The power of the ad, ultimately, is that it manages to be fully a Ray Charles Song and fully a Diet Pepsi Commercial, rendering each thing a coequal form of the other. Its cause—the ever-farther spread of one irrepressibly lovable, unsurpassably colorful, and eminently soulful no-cal beverage—justifies its form—a never-endingly watchable, indiscriminately boppable, absolutely remunerative mini-movie of Ray and the Raelettes working it pepsily across a soundstage—and vice versa. Like a marble victory column, it reconfigures the space around it into an argument for dominion, while reconceiving dominion as an opportunity for art.

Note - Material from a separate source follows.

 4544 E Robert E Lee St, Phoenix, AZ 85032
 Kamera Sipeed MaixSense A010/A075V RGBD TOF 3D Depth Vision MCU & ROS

Grace Slick has an admirable sense of mischief and a voice like a Mack truck, and she’s trying to be an ally. But her Funky Chicken with the Devil ultimately falls short. Ray Charles, by embracing the hilarity of our predicament—that our very refreshment comes at the mercy of corporate emanations whose depravity no muse can cure—has more to tell us about ourselves, our hungers, our thirsts. And when, a jillion years hence, wisps of “You Got the Right One Baby” radiate out past the sentient beings of some distant galaxy, those who live there will know something real about what we were. And they, too, shall say: Uh-huh.
 It is impossible to discuss Pepsi TV ads of the 1980s without briefly mentioning Michael Jackson. Between the time this column was written and its publication, HBO released Dan Reed’s harrowing documentary Leaving Neverland, which reveals that among those Jackson abused were the young co-stars of some of the commercials he made. I can’t pretend to know how we navigate the serious discussion this revelation has, thankfully and at long last, engendered, but I have opted not to link to Jackson’s videos here.
 The video for “Nothing’s Gonna Stop Us Now,” which partly re-casts the movie “Mannequin” (on whose soundtrack the song appeared) with the members of Starship, and the David Bowie Pepsi ad, which shows a nerded-out Bowie weird-sciencing himself a playmate only to accidentally spill Pepsi on the console and render her really something, have a factor in common: they are both, coincidentally, re-tellings of Pygmalion.